The stock price of Hanwha Aerospace is fluctuating due to setbacks in its large-scale paid-in capital increase plan. As it was the largest scale in the Korean market, it was an inevitable situation for existing shareholders' equity to be diluted. Because of this, the stock price jumped as soon as the market opened but later reversed and fell. Since Hanwha Aerospace stated that it would diligently respond to the actions of the FSS, the possibility of the capital increase being canceled is low.

Hanwha Aerospace booth /Courtesy of News1

On the 28th, Hanwha Aerospace's stock rose to 677,000 won, up 14,000 won from the previous day's closing price during early trading. As time passed, the increase narrowed, and as of 9:42 a.m. on that day, it was trading at 656,000 won, down 1.06% from the previous day.

The previous day, the FSS rejected the securities registration statement containing Hanwha Aerospace's paid-in capital increase plan.

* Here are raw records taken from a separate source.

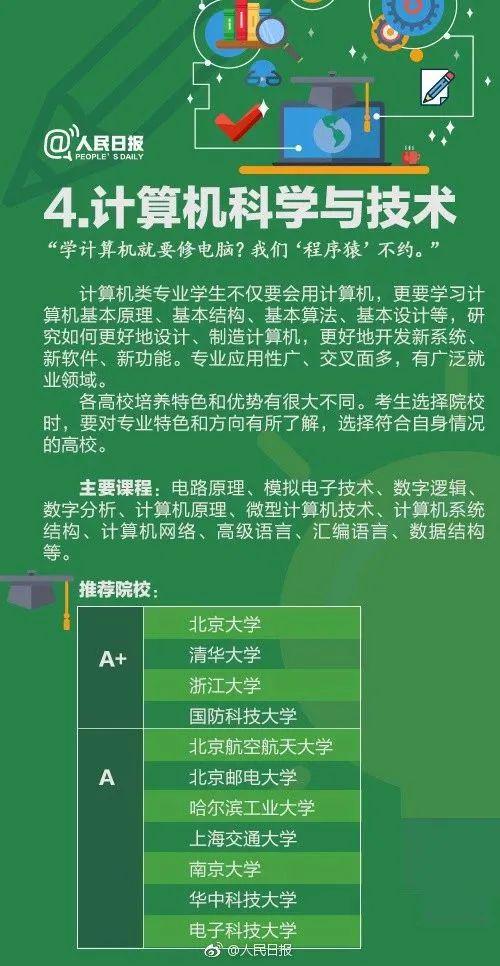 高考分數選擇學校_高考分數選學校_高考分數段選學校
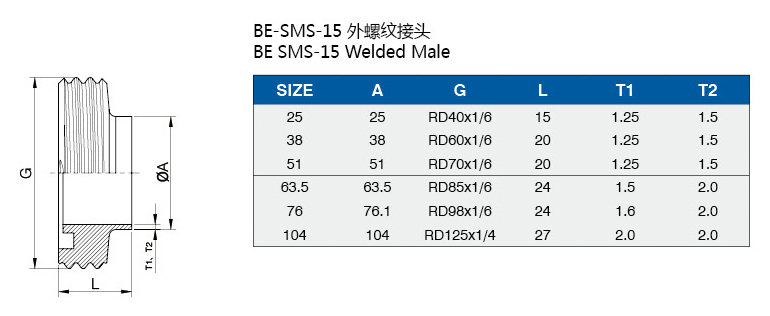 外螺紋接頭介绍.jpg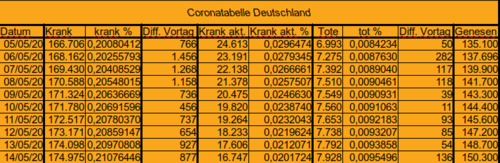 Bodycount DE [Bild]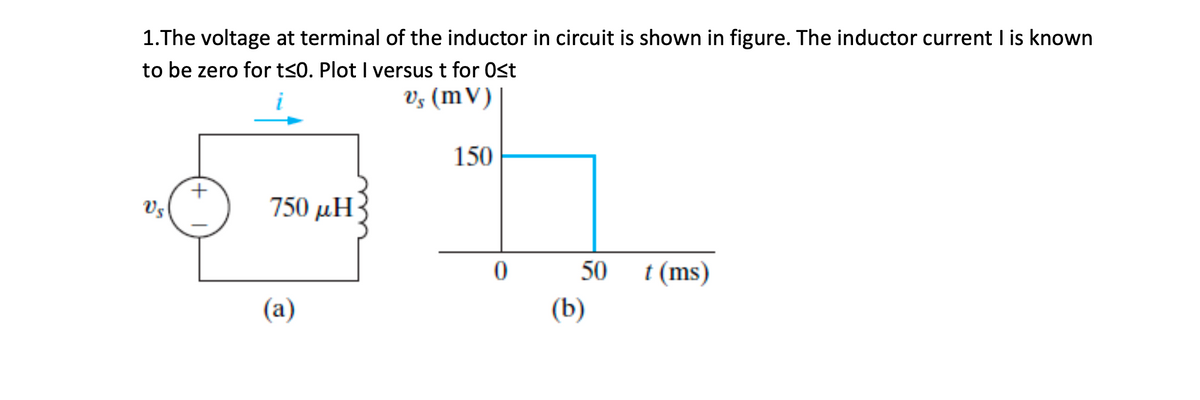 1.The voltage at terminal of the inductor in circuit is shown in figure. The inductor current I is known
to be zero for ts0. Plot I versus t for 0st
Vz (mV)
150
Vs
750 µH-
50
t (ms)
(a)
(b)
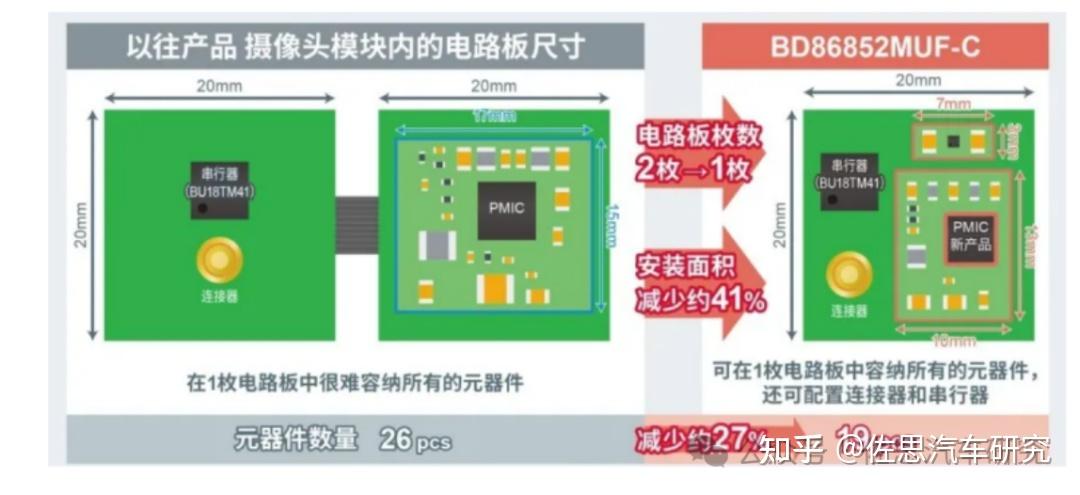 华为mdc610拆解分析智驾芯片佐思汽研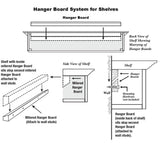 Hanger Board System for Shelves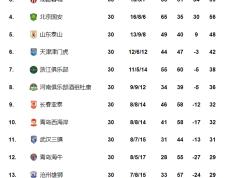 开云体育登录-关于水晶宫客场大胜，逼近积分榜前四的信息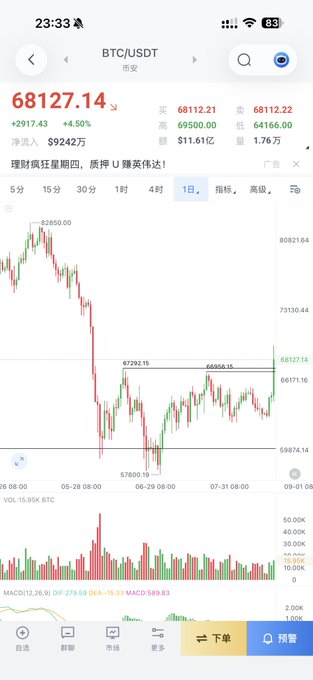 A mobile cryptocurrency trading app displays BTC/USDT at $68,127.14 (+4.50%, +$2,917.43) with a daily candlestick chart showing a recent breakout, volume bars, and MACD indicator. The breakout above the ~$66,956 resistance level visible on the chart aligns with the trader's alert-triggered long entry that quickly reversed into a stop-loss.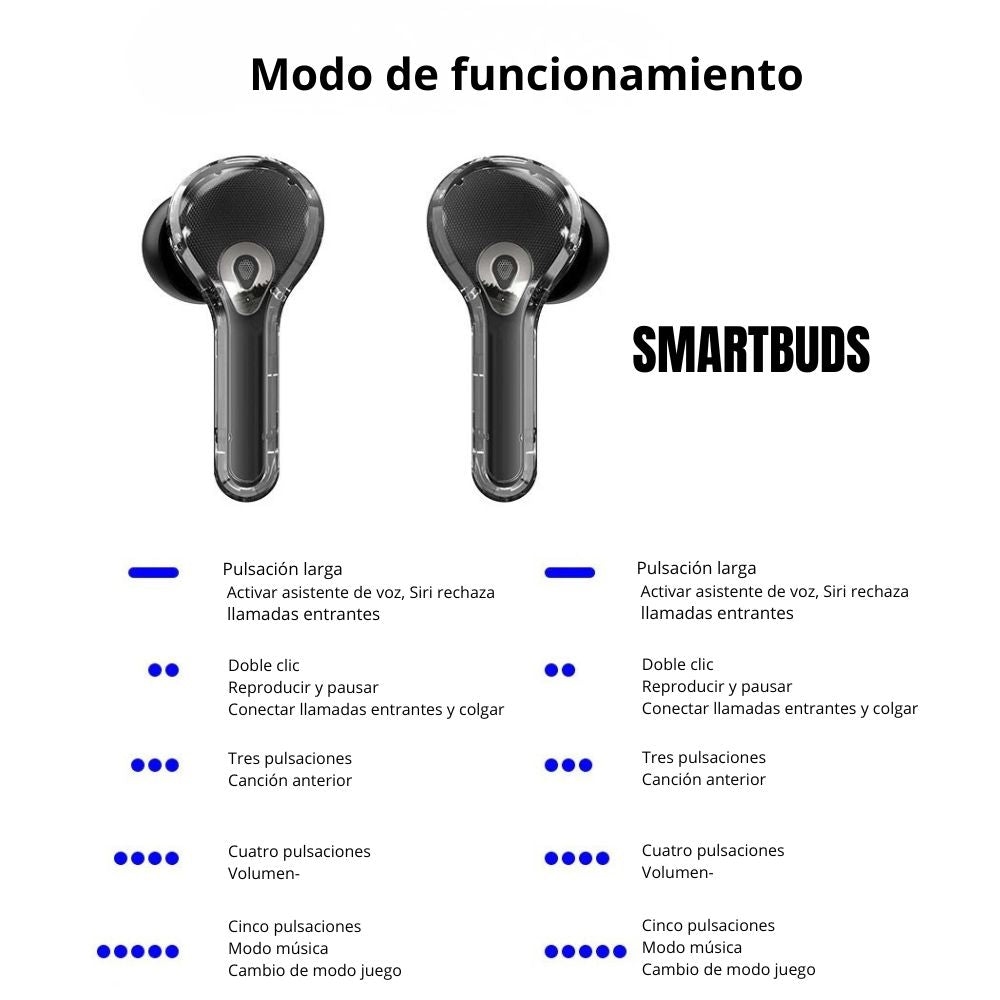 Audífonos Bluetooth Traductor IA Cancelación de Ruido ENC IPX5 SmartBuds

The FSS evaluated that, "As a result of closely reviewing the registration statement of Hanwha Aerospace through face-to-face consultations, the communication procedures with shareholders and the purpose of fund usage were insufficiently documented."

Companies like Hanwha Aerospace must pass a review by financial authorities to carry out paid-in capital increases. For this reason, Hanwha Aerospace plans to revise the registration statement and resubmit it to the FSS. A company official noted, "We will respond as diligently as possible to the requests of the FSS."

Earlier, Hanwha Aerospace announced a paid-in capital increase plan worth 3.6 trillion won. The reason was stated to be investments in overseas defense (1.6 trillion won), domestic defense (900 billion won), overseas shipbuilding (800 billion won), and engines for unmanned aerial vehicles (300 billion won). It was not only the largest scale ever across all listed companies but also had previously used cash for an acquisition of Hanwha Ocean equity, resulting in a chilly response from shareholders. On the day of the announcement of the capital increase plan, the stock price dropped by up to 15%.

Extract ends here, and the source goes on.